Between 1882 and 1930 the American South experienced an epidemic of fatal mob violence that produced more than 3,000 victims, the vast majority of whom were African Americans. More than 450 documented lynchings occurred in Georgia alone. Lynching refers to the illegal killing of a person by a group of others. It does not refer to the method of killing. Lynching victims were murdered by being hanged, shot, burned, drowned, dismembered, or dragged to death.

Frequency

Georgia’s toll of 458 lynch victims was exceeded only by Mississippi’s toll of 538. During the 1880s and 1890s, instances of lethal mob violence increased steadily, peaking in 1899 when twenty-seven Georgians fell victim to lynch mobs. Between 1890 and 1900 Georgia averaged more than one mob killing per month.

The frequency of mob violence declined somewhat in the first decade of the twentieth century, but by 1911 lynch mobs again were active, killing nineteen Georgians. After another peak year in 1919, the trend of violence was distinctly downward, and in three years (1927-29) no victims were reported. Although later years would see lynch violence recurring sporadically, the heyday of the lynch mob in Georgia was over by 1930.

The Victims

Of Georgia’s victims of lynch mob “justice,” the overwhelming majority (95 percent) were Black, and they were murdered primarily, although not exclusively, by white mobs. There is some evidence that 12 of the 435 African American victims were murdered by Black or mixed-race mobs. There is also evidence that less than 5 percent of Georgia’s victims were white, but none of those were victims of Black mobs. Georgia’s lynch violence almost always consisted of white mobs killing Black men.

According to newspaper accounts, the most common justification for mob violence was the alleged murder of a white person. The second most frequent justification was the purported rape or attempted rape of a white woman. While alleged violations of criminal law (murder, rape, arson, burglary, assault) were the most common reasons mob members gave for their actions, in some instances lynch victims were accused of race crimes, that is, of violations of the racial code of conduct that governed social relations between Blacks and whites during the era of Jim Crow segregation.

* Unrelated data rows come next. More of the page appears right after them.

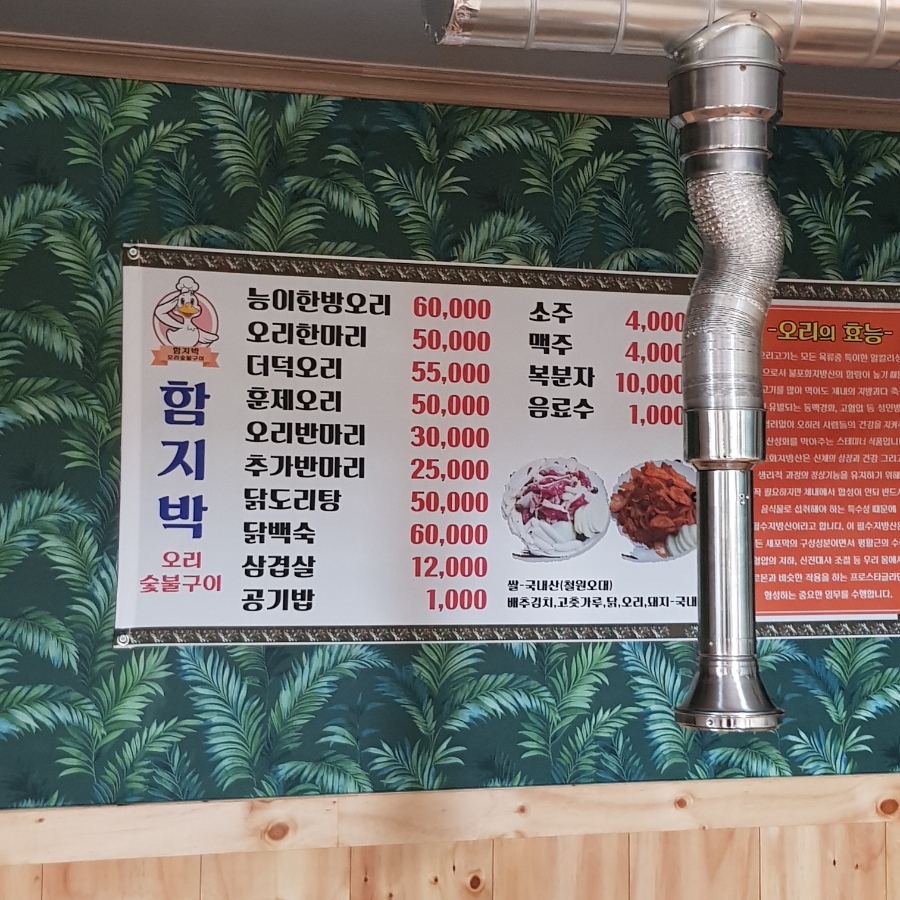 함지박오리숯불구이 이미지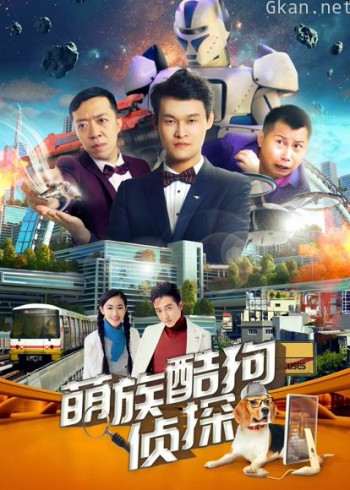 萌族酷狗侦探 第二季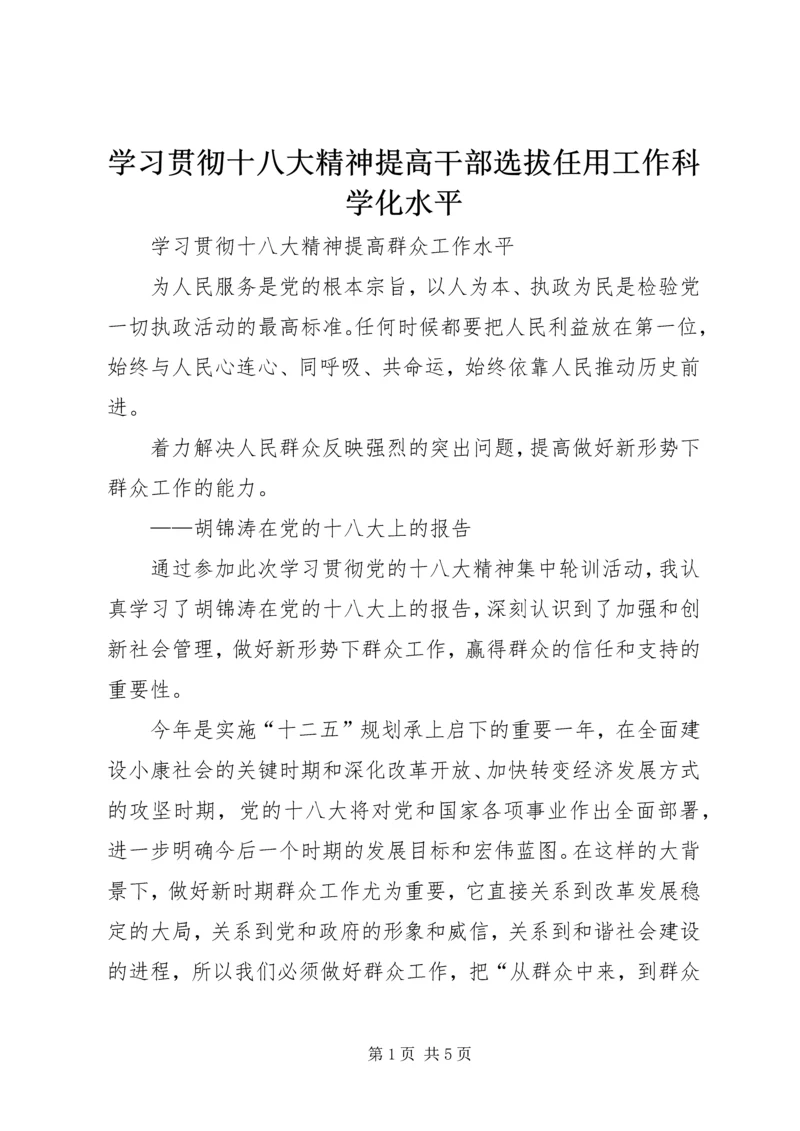 学习贯彻十八大精神提高干部选拔任用工作科学化水平 (2).docx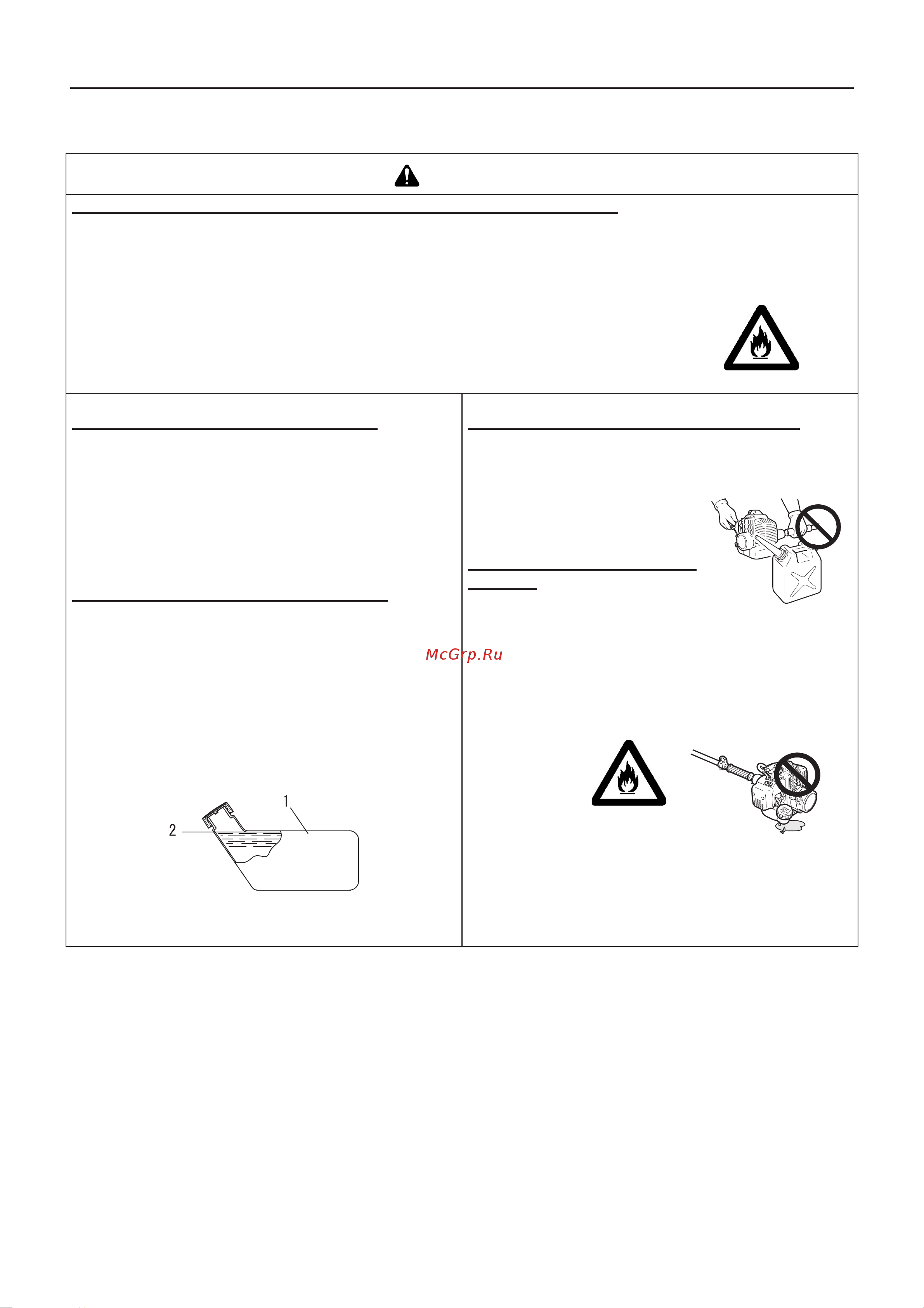 ECHO INCORPORATED ECHO Pro Attachment PAS-265ES [7/28] Безопасная эксплуатация изделия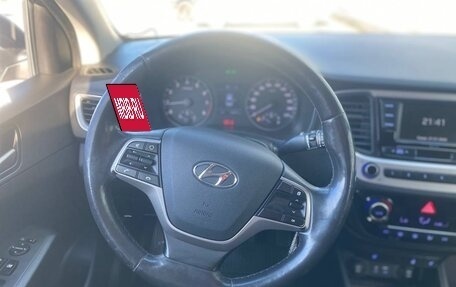Hyundai Solaris II рестайлинг, 2017 год, 1 150 000 рублей, 17 фотография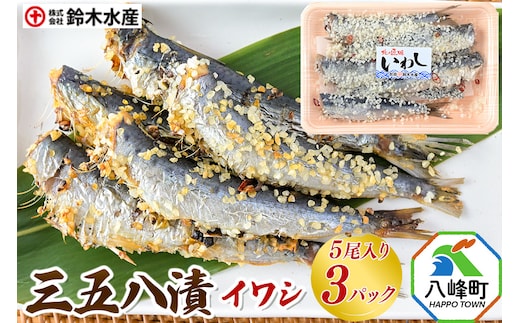 三五八漬（イワシ）5尾入り × 3パック 秋田県八峰町 鈴木水産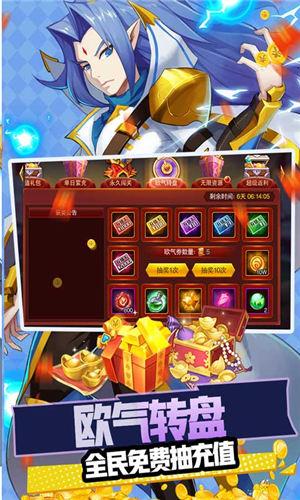 魔兽三国满V版(2)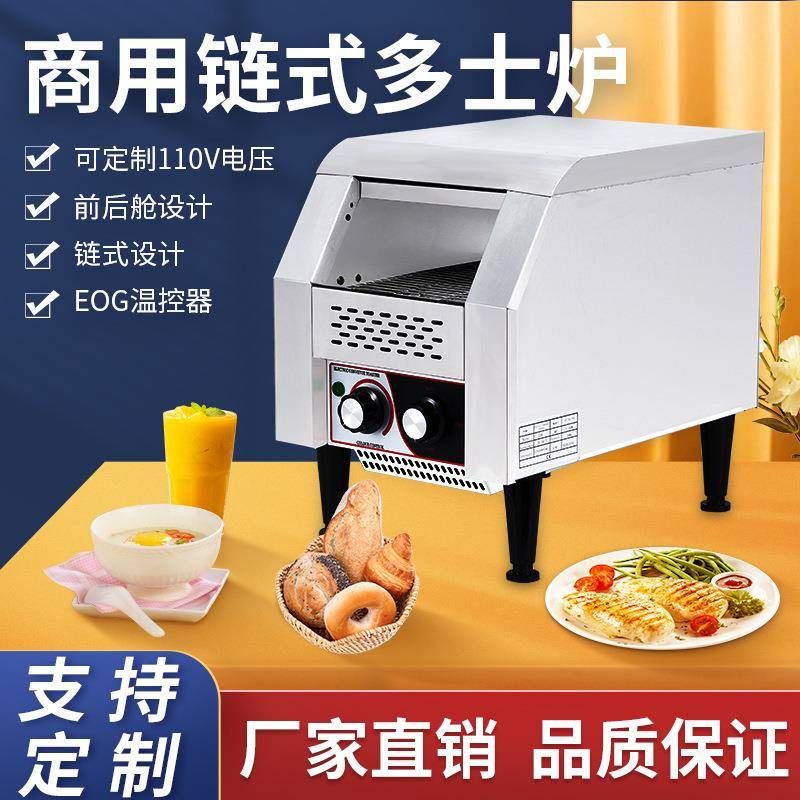 欧特新款多士炉直销TDL-150链式多士炉履带式烤面包机三明治机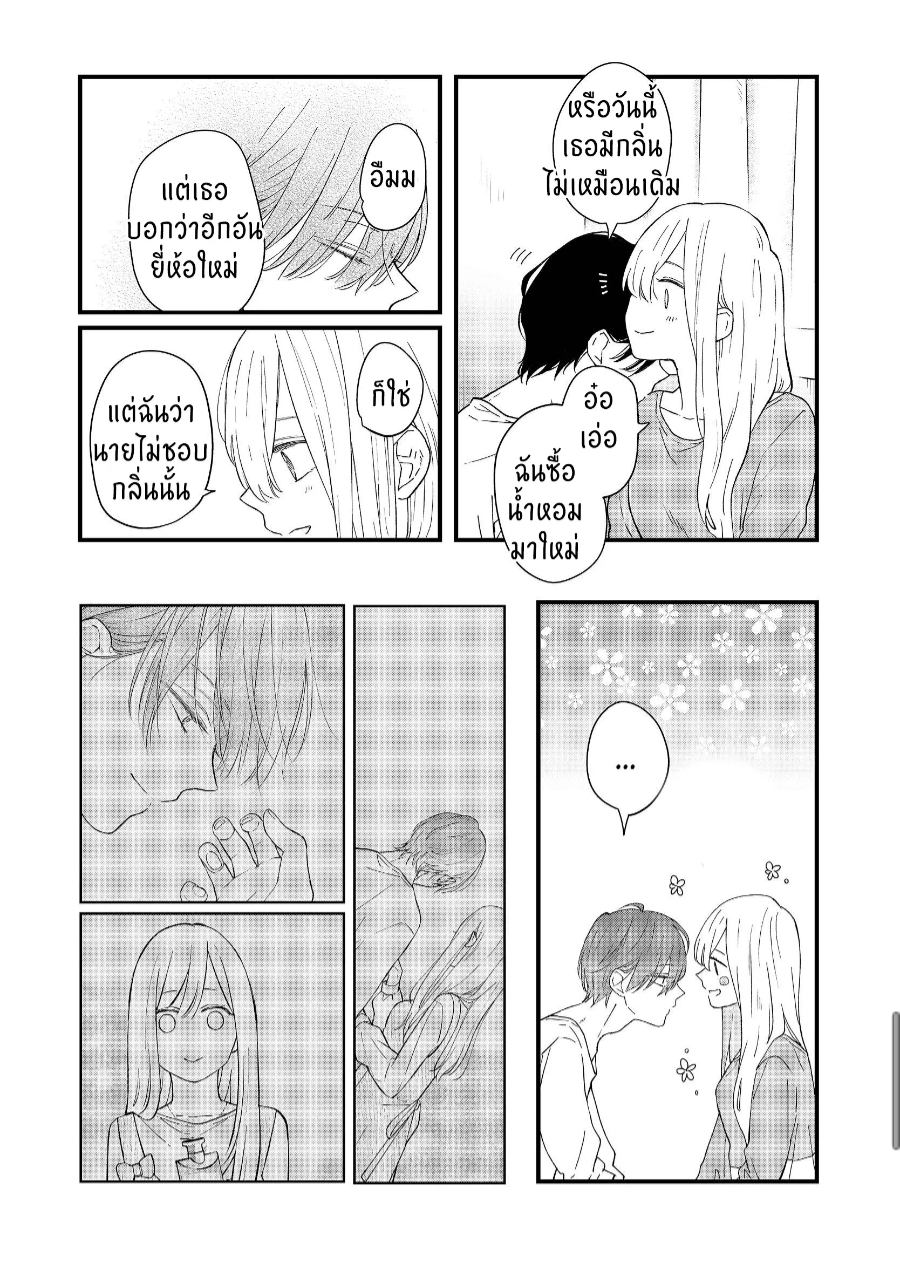 manga sugoi.com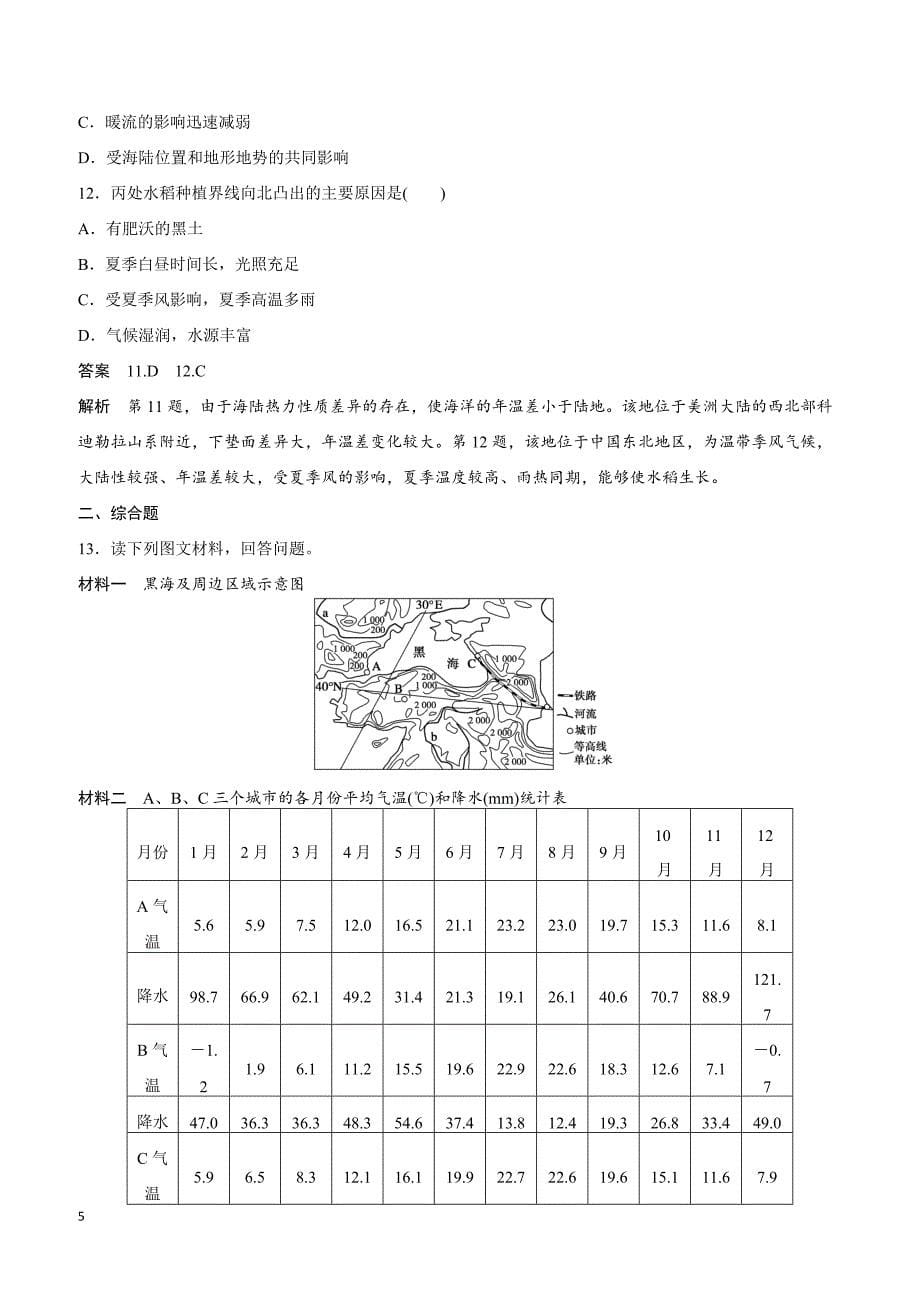 高考地理高频考点突破：等值线 含答案解析_第5页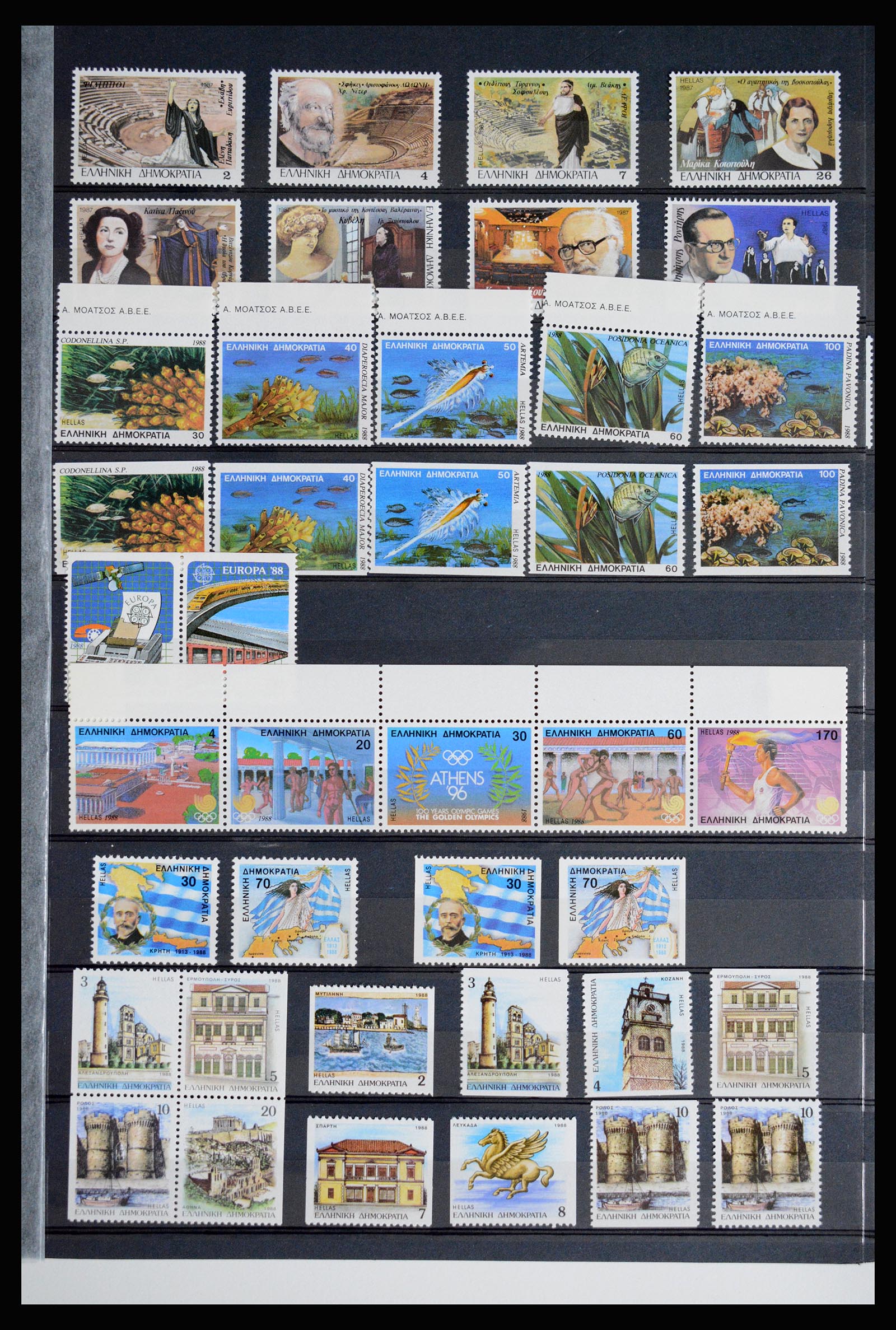 36718 041 - Postzegelverzameling 36718 Griekenland 1925-2013.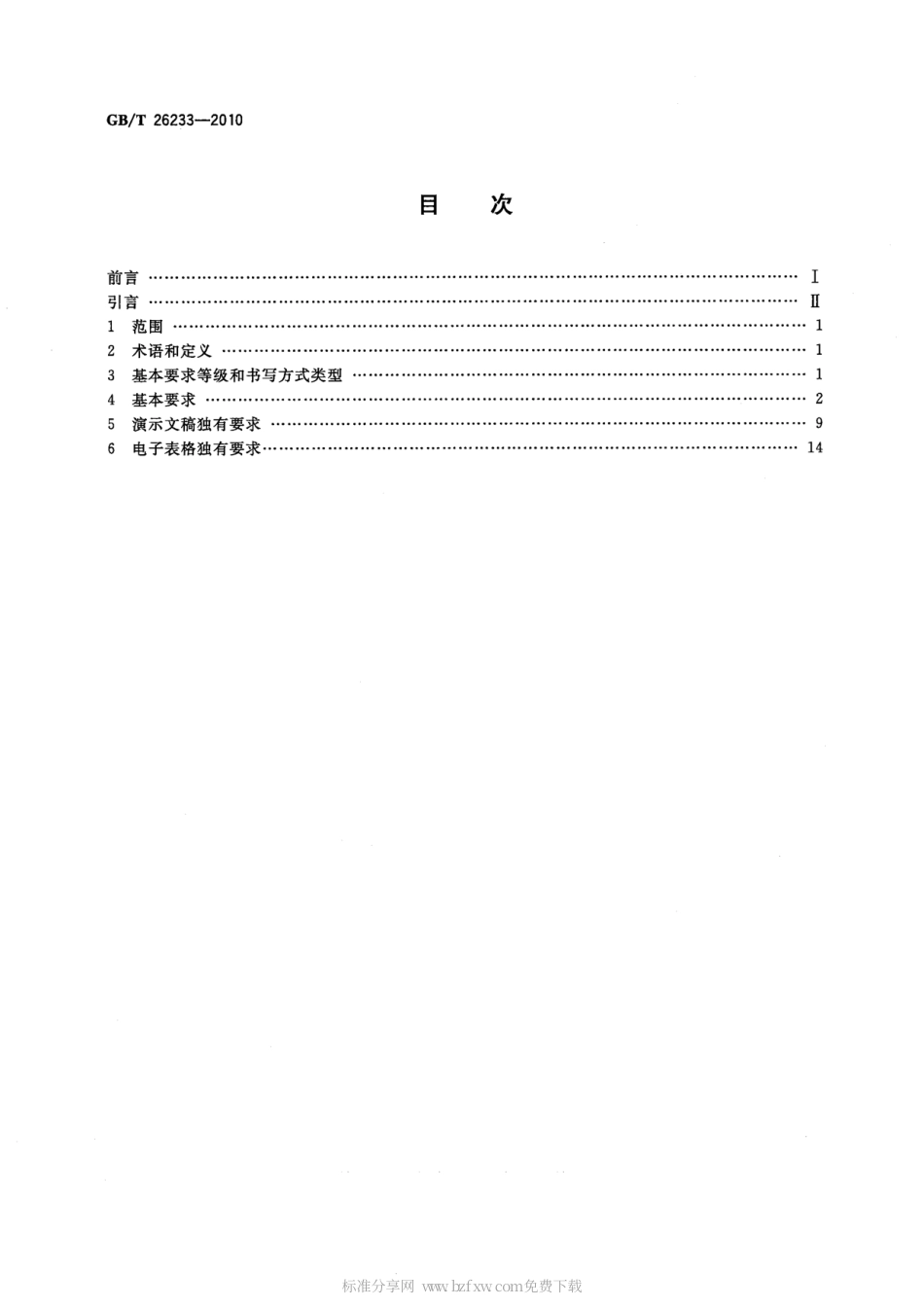 GBT 26233-2010 信息技术 蒙古文类文字通用编辑软件的基本要求.pdf_第2页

The case of Eli Cooper is illustrative. One night in late summer 1919, a gang of fifteen or twenty white men abducted Cooper, a Black man, from his home in Cadwell in Laurens County and transported him to Petway’s Gift Church in Dodge County, a few miles away. The gang shot Cooper, set the church on fire, and pitched his body into the flames. According to the Atlanta Constitution, Cooper’s transgression was in speaking out against racial discrimination. The paper reported on August 29, 1919, that he had been “talking considerably of late in a manner offensive to the white people.” The paper further reported, “The white residents were informed that an uprising of negroes was set” for late September and “Cooper’s own remarks, it is alleged, were . . . that the negroes had been 'run over for fifty years, but this will all change in thirty days.'” Apparently, many whites in Cooper’s community were concerned about the possibility of an “uprising,” which could threaten the social order.

Geographical Distribution

Lynch-mob violence occurred statewide, with at least one lynching documented in the vast majority of Georgia’s counties. Mob violence was somewhat concentrated across middle and south Georgia, especially in the southwestern corner of the state, where Decatur County witnessed the most lynching activity—thirteen incidents. As a form of social control, lynchings may have been more common in rural areas that were dependent upon a Black labor force, especially the cotton-producing counties in the central part of the state and the expanding lumber and forest-products areas in the southwest. It has also been suggested that mob violence was more frequent in locales where social change was threatening to alter traditional relations between Blacks and whites.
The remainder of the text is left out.